§ Work instruction: After locating "ChemSpider 2D Image", return its line and all lines that follow through the end of the listing below, exactly; leave out pictures.
*** Listed entries ***
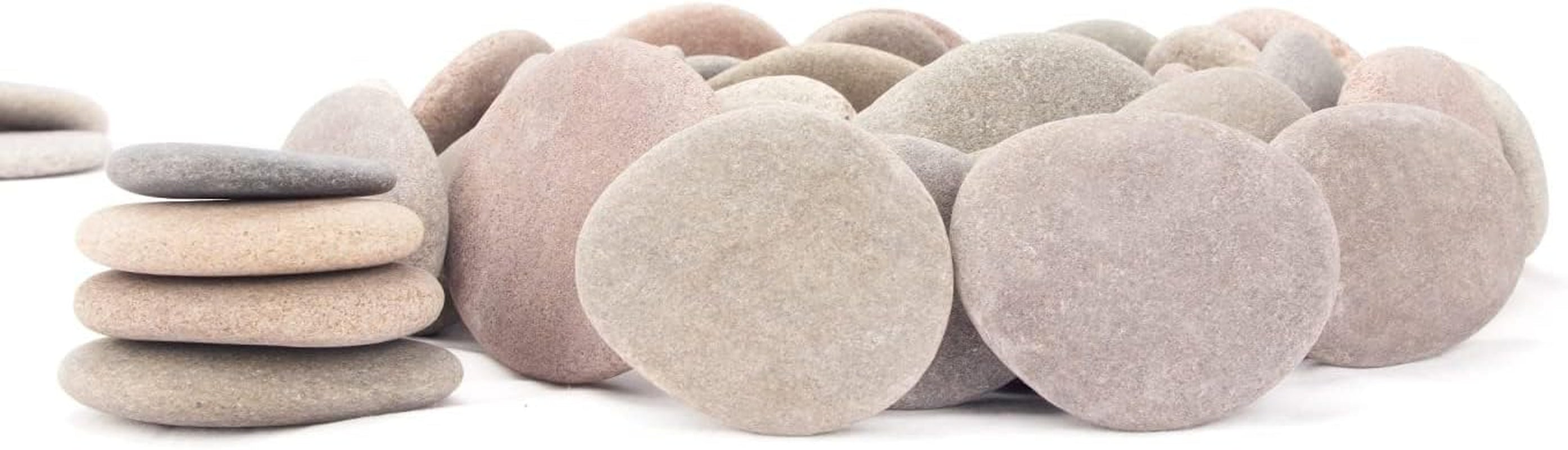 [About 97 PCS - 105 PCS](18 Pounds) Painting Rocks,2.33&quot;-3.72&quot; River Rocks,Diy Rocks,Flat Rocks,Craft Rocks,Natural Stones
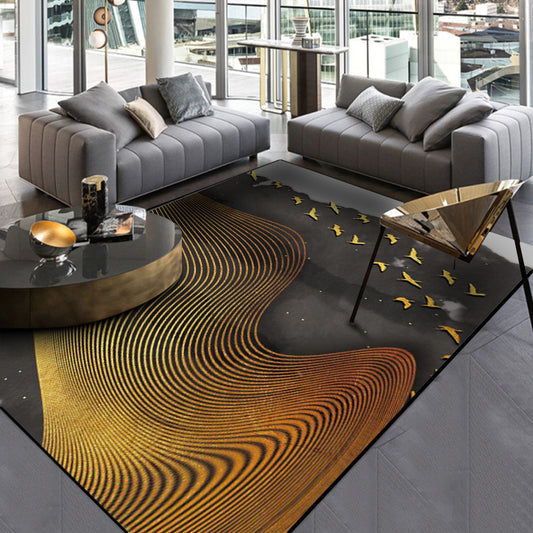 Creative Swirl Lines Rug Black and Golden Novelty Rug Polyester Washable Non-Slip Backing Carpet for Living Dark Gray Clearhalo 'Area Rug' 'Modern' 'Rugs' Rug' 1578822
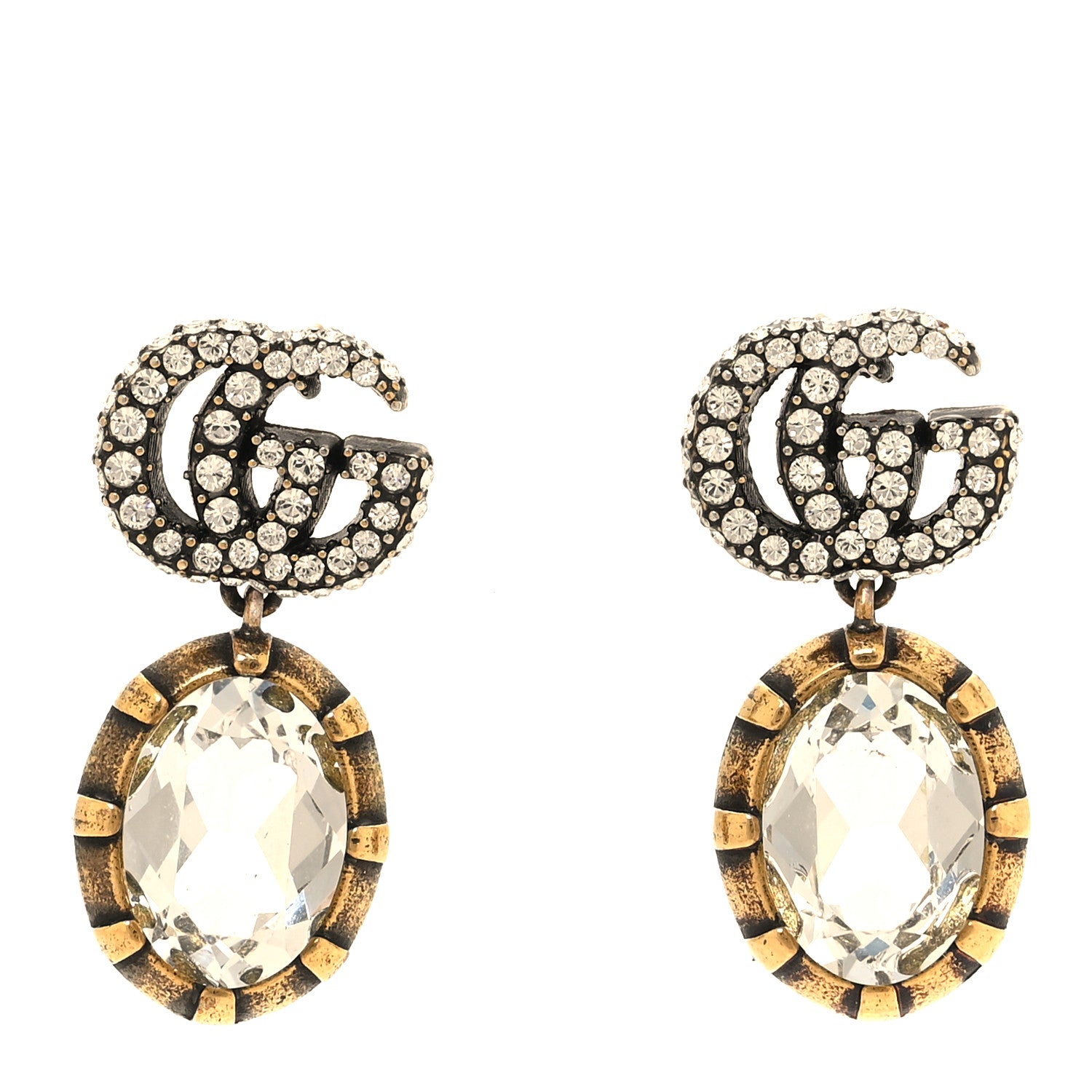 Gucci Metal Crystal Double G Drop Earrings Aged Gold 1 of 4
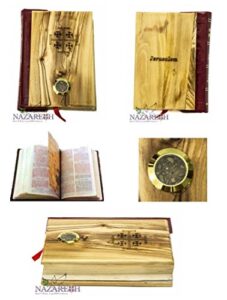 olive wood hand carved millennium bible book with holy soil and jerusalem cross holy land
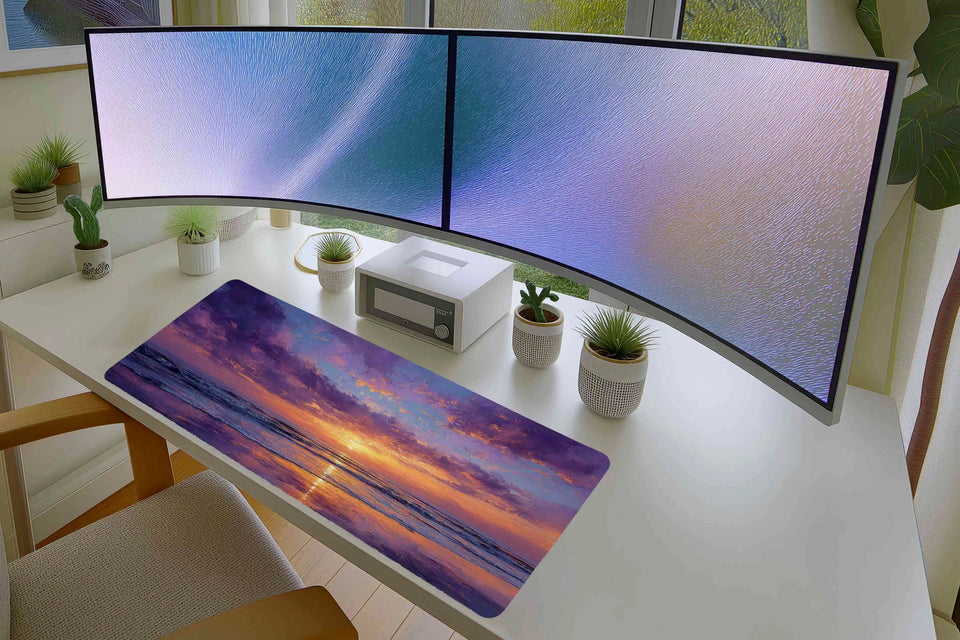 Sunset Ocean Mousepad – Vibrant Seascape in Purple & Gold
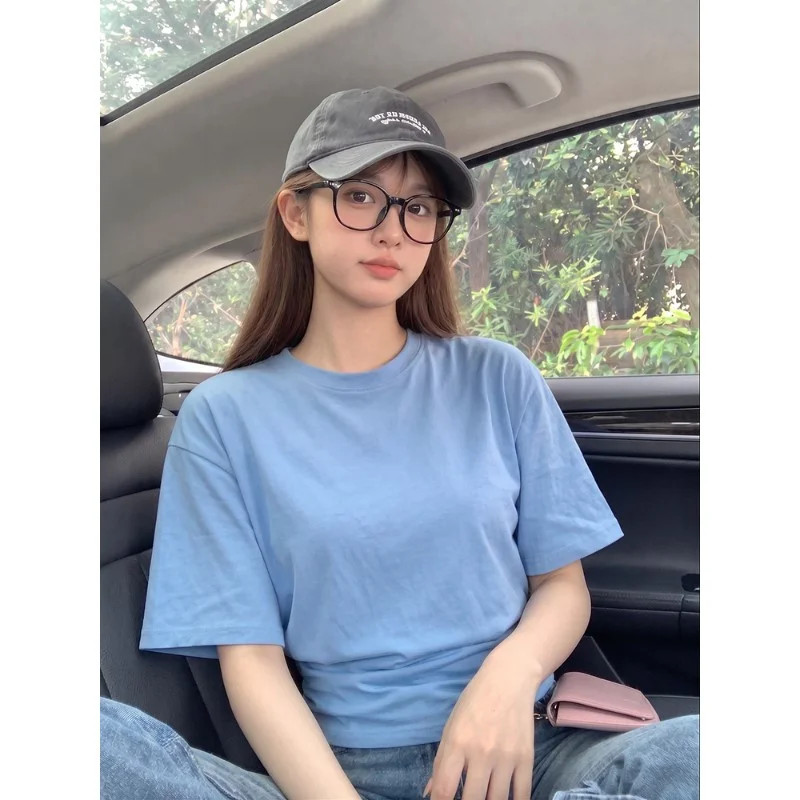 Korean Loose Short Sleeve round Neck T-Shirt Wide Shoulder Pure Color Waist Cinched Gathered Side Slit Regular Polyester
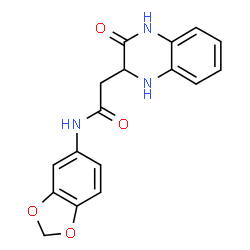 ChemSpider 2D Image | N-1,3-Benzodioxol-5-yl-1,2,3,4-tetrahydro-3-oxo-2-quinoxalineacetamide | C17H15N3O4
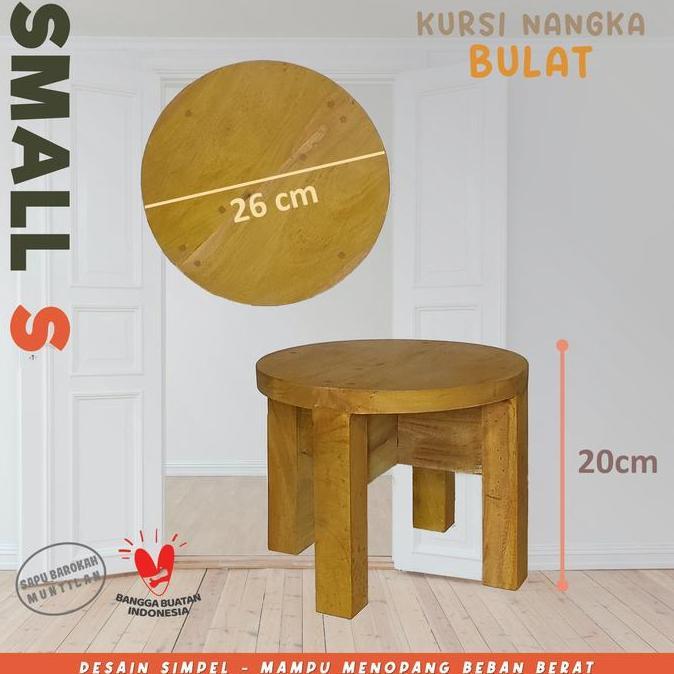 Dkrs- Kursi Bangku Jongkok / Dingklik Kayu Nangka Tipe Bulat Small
***
§ Result of the task:
 ChemSpider 2D Image | N-1,3-Benzodioxol-5-yl-1,2,3,4-tetrahydro-3-oxo-2-quinoxalineacetamide | C17H15N3O4
 Dkrs- Kursi Bangku Jongkok / Dingklik Kayu Nangka Tipe Bulat Small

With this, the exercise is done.